Long story short: scroll down for a downloadable DLL and python file that do matrix math using optimized SIMD functions.
Recently I was messing around with some 3D in PyOpenGL and found my most notable slowdowns occuring due to matrix math (multiplications being most common).
So I decided to try and implement some fast matrix functions and call those from python, using C98 limitations and ctypes as explained here by my friend Jan Pijpers.
I won’t go into detail about the math, you can download the project files at the end; any sources used are referenced in there.
I do have some profile results to compare! Doing 100,000 calls for each action listed, time displayed in seconds.
identity: 0.0331956952566 rotateY: 0.0617851720355 transform: 1.70942981948 inverse: 15.095287772 multiply: 0.492130726156 vector: 0.160486968636 perspective: 0.107690428216 transpose: 0.452984656091
Note that the inverse is matrix size agnostic (and not normalized!), therefore no loop unrolling is done by the python compiler. It is not representative of a proper python matrix4x4 inverse.
identity: 0.0333827514946 rotateY: 0.0857555184901 transform: 0.251571437936 inverse: 0.0439880125093 multiply: 0.0420022367291 vector: 0.288415226444 perspective: 0.156626988673 transpose: 0.0889596428649 perspective no SIMD: 0.160488955074
identity: 0.0323709924443 rotateY: 0.0845113462024 transform: 0.23958858222 inverse: 0.0395744785104 multiply: 0.0437013033019 vector: 0.286256299491 perspective: 0.150614703216 transpose: 0.0877707597662 perspective no SIMD: 0.156242612934
Interestingly not all operations are faster using C due to type conversions. For a simple axis aligned rotation all we need is a sin, a cos and a list. The sin/cos of python are not going to be any slower than those in C, so all we did was complicate the program.

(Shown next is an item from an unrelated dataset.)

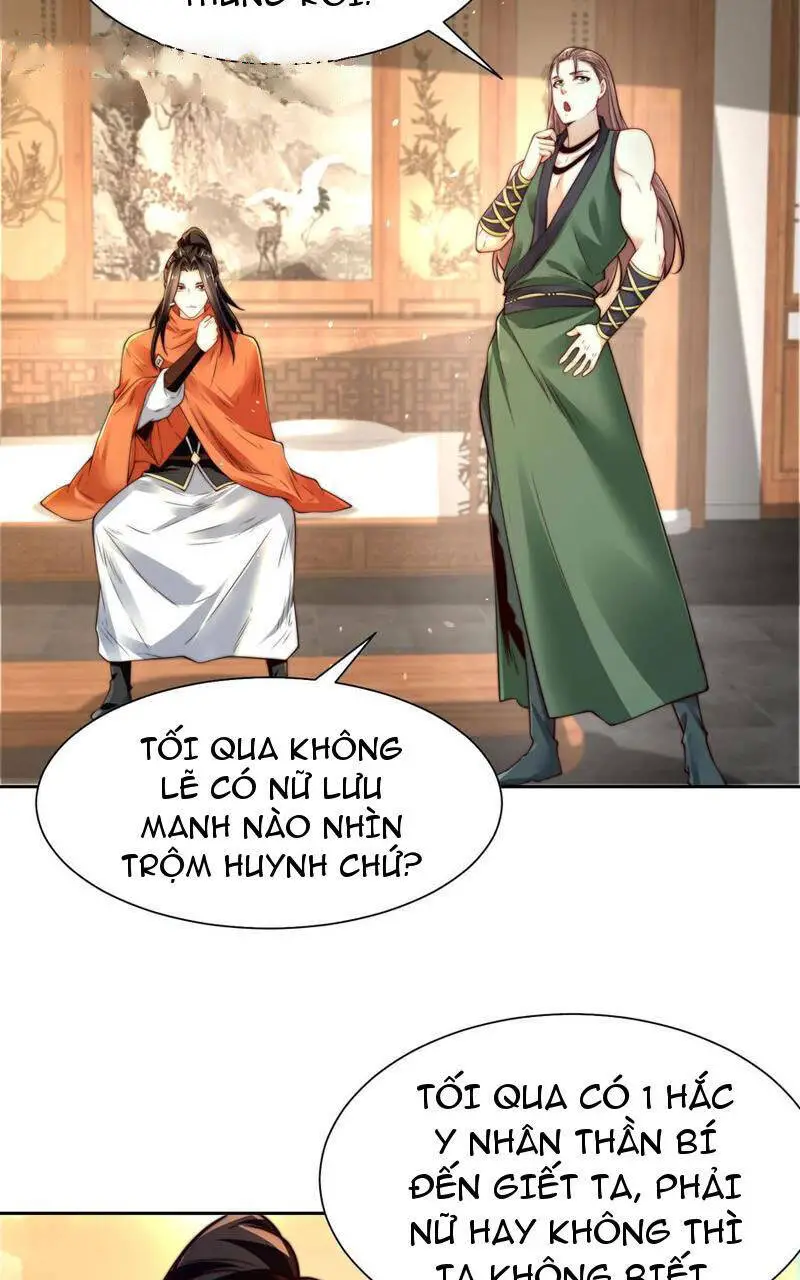 Tân Hỗn Độn Kiếm Thần Nettruyen ZZZ Chương 99 Page 35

But in a practical example represented by the transform function (which is a a separate rotateX, rotateY, rotateZ and translation matrix call, then all four of them multiplied together) we see a very worthwhile performance gain.
The math executes using SIMD instructions, all data is therefore converted to 16-bit memory aligned “__m128” structures (from “xmmintrin.h”). We need the C identity and rotate constructors to get the proper type of data, then when we actually need this data we must call storeMat44() to get an actual c_float for python usage.
From my current usage 1 in 3 matrices requires a conversion back to python floats in order get passed to PyOpenGL, so here is another multiply performance test with every third multiplication stored back into a float…
python multiply: 0.492130726156
MVC raw: 0.0436761417549
MVC multiply convert every third: 0.06491612928
MVC convert all: 0.0925153667527
So while our raw implementation is about 11 times faster, the fully converting implementation is only 5 times faster. 7.5 times for our real world example. That’s more than 30% lost again… still much better than pure python though!
Download the visual studio project with x86 and x64 binaries here! Tested on Win10 x64 with Python 2.7.10 x64.
Math3Dx64.Dll and math3d.py are the end user files.
One important thing I wish to look into is to pass data by copy instead, currently all functions allocate a new matrix on the heap, and the user has to delete these pointers by hand from python using the deleteMat44() helper function. I do not know enough about DLLs or python’s memory allocation to know whether I can copy data from the stack instead, and if so whether that would be any faster.
I do know that __vectorcall is not compatible with __declspec(dllexport), which kind of makes sense… but more direct data passing could be nice.